A complex world hides behind the Instagram algorithm. How does Meta rank content and how does this impact the creator community?
YouTube is riddled with tips and tricks on how to rank on Instagram, tricking the algorithm to get maximum exposure. Oftentimes, many videos scratch but the mere surface of how Meta determines which content is shown to each individual user the moment they open Instagram. The algorithms running in the background are complex models that tap into vast datasets to make sure you remain on the platform as long as possible.
The importance of recommendation algorithms
Before diving into the different recommendation algorithms Meta uses to serve content to Instagram users, we have to understand why engineers are working tirelessly to build these complex models. Firstly, and perhaps the most obvious one, is a matter of life and death. Meta, with Facebook, are entangled in a fierce battle with TikTok, who is taking users away from platforms such as Instagram. This problem grows exponentially if Meta fails to keep users on its platform and away from TikTok. It must do everything in its power to keep users engaged on the platform.
Keeping users engaged is a core part of its business model. Without users logging in each and every day, ads cannot be served and no money is to be made. While Instagram and Facebook aren’t caught in a ‘death spiral’ yet, this threat always looms on the horizon. Secondly, just like Netflix, poor recommendations can hurt the user experience. If a user is left with no new content to explore, it might deem the service as irrelevant to its daily media habit, and abandons it. Which ties in neatly with the first point, as a competitor might be able to deliver a far more engaging experience.
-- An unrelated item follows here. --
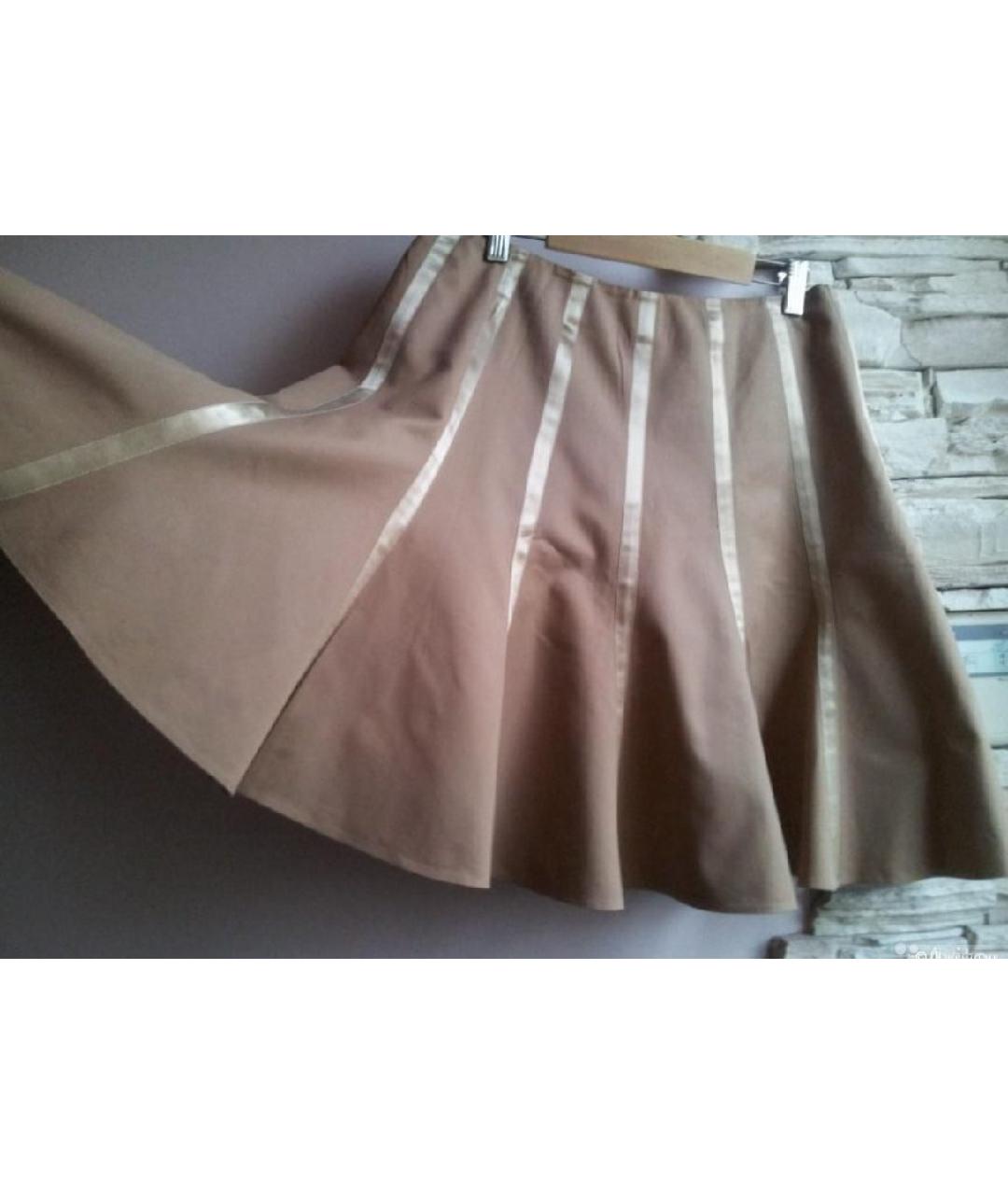 BLUMARINE Бежевая хлопковая юбка мини, фото 2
AI powered recommendations
In November 2019, the research team at Meta detailed how AI powered the Explore tab within the Instagram algorithm. The Explore feature is one of the most popular sections of the social media platform, with over half of Instagram users discovering new content and creators every month. The sheer volume of content being uploaded to the platform poses serious challenges from engineering teams at Meta, as all users receive a tailored experience, hardware is pushed to the limits.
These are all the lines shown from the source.